In February 1925, construction began. On Dec. 31, the Vinoy opened with Jazz Age fanfare. Though records are sketchy — a lot of history was lost during the years the hotel was closed — Hemingway and Fitzgerald most likely laid heads upon soft pillows. Babe Ruth certainly did. So did the polar explorer Richard Byrd. Calvin Coolidge was the first president to stay at the hotel.
"How did you like your supper, sir?" asked the elevator operator one evening.
"It was a little too rich for my tastes," reported the meat-and-potatoes prez.
"You're welcome to eat with us in the employees cafeteria," the elevator man said.
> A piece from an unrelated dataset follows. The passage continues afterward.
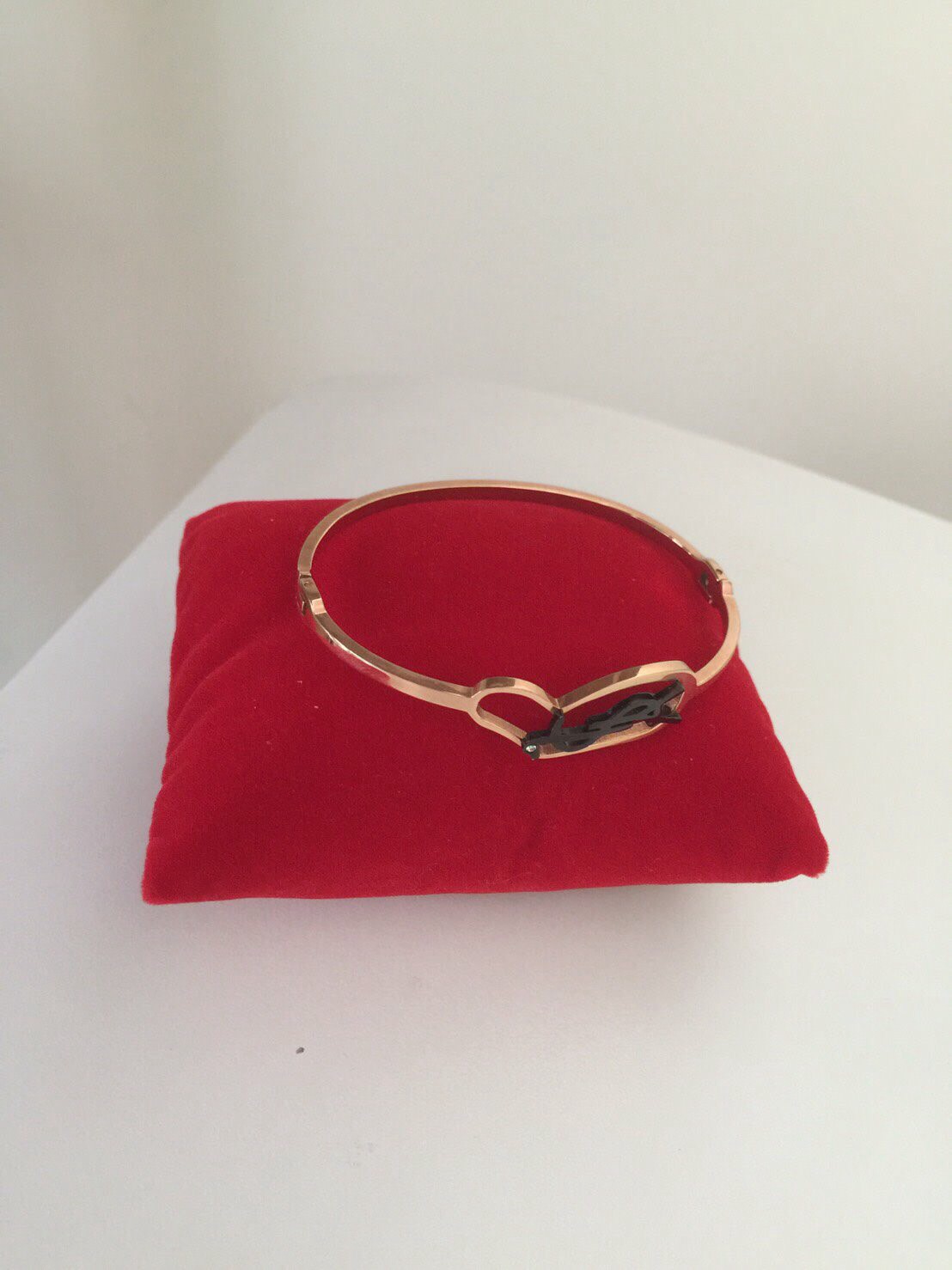 กำไลข้อมือ pink gold นำเข้าจากเกาหลี สภาพใหม่ 90% ยี่ห้อ Buvgari และ Yves Saint Laurent รูปที่ 4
"And he did,'' says Normile. "He took all his meals with the hotel employees.''
The Depression hit Florida hard, but the Vinoy did fine until World War II, when even the rich felt guilty about expensive vacations. In 1942, Laughner leased his hotel to the military. Soldiers trained on city streets and sometimes slept on Spa Beach. Mostly they wrecked the hotel. When the war ended, Laughner sold it to Charles Alberding for $700,000, taking a $2.8 million loss on his investment. The Vinoy didn't recover from the war; even $7 rooms failed to entice customers. Finally it closed. One wing fell victim to the wrecker's ball. Expensive furnishings were lost, stolen or vandalized.
For a decade, big plans to reopen the hotel surfaced and then sank. In 1989, St. Petersburg residents voted to allow the leasing of underwater land in the adjacent basin for boat slips. A hotel chain liked the idea of having a marina and struck a deal. Construction and repairs began on the old hotel in 1990.
Developers installed 34,000 yards of carpet, 10,000 yards of upholstery and 17,000 yards of draperies. Its 350 rooms got 8,700 new washcloths, 6,000 towels and 6,000 pillowcases. The dining room received 66,000 pieces of silver, china and glassware. In 1992, the Stouffer Vinoy Resort reopened after a $90 million renovation.
Normile, who is 65, began leading tours in 1998. They are offered most days, cost $27 to $35, and include a meal and the possibility of spotting a celebrity. Politicians and authors stay at the Vinoy. Major League Baseball teams stay at the Vinoy. Garrison Keillor, on vacation from Lake Wobegon, was a recent visitor.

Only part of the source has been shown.